DevOps and Middleware Engineering: Weblogic Trouble Shooting issues

Deployment issues:

code issues: we will send error log to the application team for modification.

Caused By: weblogic.utils.ErrorCollectionException:

There are 1 nested errors:

weblogic.j2ee.dd.xml.AnnotationProcessException: Duplicate ejb name 'BDAccountEjbBean' found: annotation 'Stateless' on bean

failed due to connection pool issue: we will fix connection pool issues and then redeploy the application

Out of memory issue during the deployment:

error: java.lang.outofmemory.permgenspace

this error occured due to space in perm area.

setDomainEnv.sh

xx:permsize 64m
xx:maxpermsize 128m

we have set intial permsize=maxpermsize then restarted the servers, redeployed the application

If one or two application faile
d when we are triggering through scipt. we will fix that issue and do a deployment using console

jdbc issues:
************

1) DB down (raise a ticket to db team)
2) Incorrect hostname or port number ( raise a ticket to network team)
3) Data base connection lost ( telnet ipaddress port )
4) Data base user_acc lock ( raise a ticket to db team for unlocking user_acc)
5) Invalid pakage error (raise a ticket to db team)
6) TNS listener error (raise a ticket to db team)
7) Schema does not exist (raise a ticket to db team)
8) Cannot allocate resource error
Intial capacity : 5
max : 15 increase max to 25
9) connection leaks ( send error to application team)
10) Connection time out ( raise a tickect to db team for long running quries)

jms issues:
***********
stuck message issues

Check whether dest queue is available, check message format, check queue name.

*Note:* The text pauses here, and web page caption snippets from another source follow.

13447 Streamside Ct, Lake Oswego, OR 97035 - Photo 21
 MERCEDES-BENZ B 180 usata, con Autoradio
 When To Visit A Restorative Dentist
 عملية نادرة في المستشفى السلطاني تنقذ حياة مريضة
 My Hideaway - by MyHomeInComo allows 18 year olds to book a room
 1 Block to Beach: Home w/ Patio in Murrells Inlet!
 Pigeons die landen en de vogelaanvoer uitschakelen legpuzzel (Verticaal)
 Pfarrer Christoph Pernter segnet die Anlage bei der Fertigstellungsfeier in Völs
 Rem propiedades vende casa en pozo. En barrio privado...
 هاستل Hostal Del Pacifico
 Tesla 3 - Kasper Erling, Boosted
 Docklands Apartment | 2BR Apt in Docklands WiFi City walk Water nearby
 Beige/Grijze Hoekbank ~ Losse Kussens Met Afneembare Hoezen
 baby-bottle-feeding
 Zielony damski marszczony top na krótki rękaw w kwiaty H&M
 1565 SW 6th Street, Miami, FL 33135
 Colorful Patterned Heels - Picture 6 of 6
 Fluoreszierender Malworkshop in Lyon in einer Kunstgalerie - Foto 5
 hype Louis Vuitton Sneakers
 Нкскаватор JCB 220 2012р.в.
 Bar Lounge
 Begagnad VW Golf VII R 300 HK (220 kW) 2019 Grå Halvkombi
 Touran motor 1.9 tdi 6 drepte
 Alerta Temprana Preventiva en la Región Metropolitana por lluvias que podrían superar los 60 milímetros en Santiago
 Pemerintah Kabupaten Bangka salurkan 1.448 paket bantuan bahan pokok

rolling message issues (messages will run continuously in the loop)

delete those messages in the queue.

diskspace issues:
*****************
If the disk space usage is 95%-100% then we will delete old log files

[root@localhost ~]# df -kh
Filesystem Size Used Avail Use% Mounted on
/dev/sda2 3.8G 1.9G 1.8G 52% /
/dev/sda1 46M 9.2M 35M 22% /boot
tmpfs 506M 0 506M 0% /dev/shm
/dev/sda3 14G 14G 0G 100% /home

du -kh (disk usage)

[root@localhost ~]# du -sh /home
1.8G /home

[root@localhost bea10.3]# du -sh *
181M jdk160_05
211M jrockit_160_05
28K logs
100M modules
24K registry.dat
8.0K registry.xml
19M user_projects
556K utils
429M wlserver_10.3

delete old log files

/home/bea10.3/user_projects/domains/sherkhan/servers/AdminServer/logs

rm -rf Adminserver.log00001 Adminserver.log00002 Adminserver.log00003
rm -rf Adminserver.out00001 Adminserver.out00002 Adminserver.out00003
rm -rf access.log00001 access.log00002 access.log00003

/home/bea10.3/user_projects/domains/sherkhan/servers/ms1/logs

rm -rf ms1.log00001
rm -rf ms1.out00001

or zip the log files

/home/bea10.3/user_projects/domains/sherkhan/servers/AdminServer/logs

gzip -r *

/home/bea10.3/user_projects/domains/sherkhan/servers/AdminServer

gzip -r logs

High cpu utilization:
*********************

top (linux)
prstat (solaris)

top - 07:45:22 up 3:03, 3 users, load average: 0.16, 0.33, 0.17
Tasks: 113 total, 2 running, 109 sleeping, 0 stopped, 2 zombie
Cpu(s): 0.0%us, 0.7%sy, 0.0%ni, 99.3%id, 0.0%wa, 0.0%hi, 0.0%si, 0.0%st
Mem: 1035400k total, 1020348k used, 15052k free, 77688k buffers
Swap: 2040212k total, 0k used, 2040212k free, 483724k cached

%cpu %Mem
9523 root 22 0 637m 239m 3660 S 98.7 23.7 0:12.79 java

ps -ef | grep 9523

If you find any zombie process count >50 raise a ticket to solaris admins

If any java processes are occupying 95-100% cpu usage then check the log files for any continuous looping messages or jdbc transaction time outs.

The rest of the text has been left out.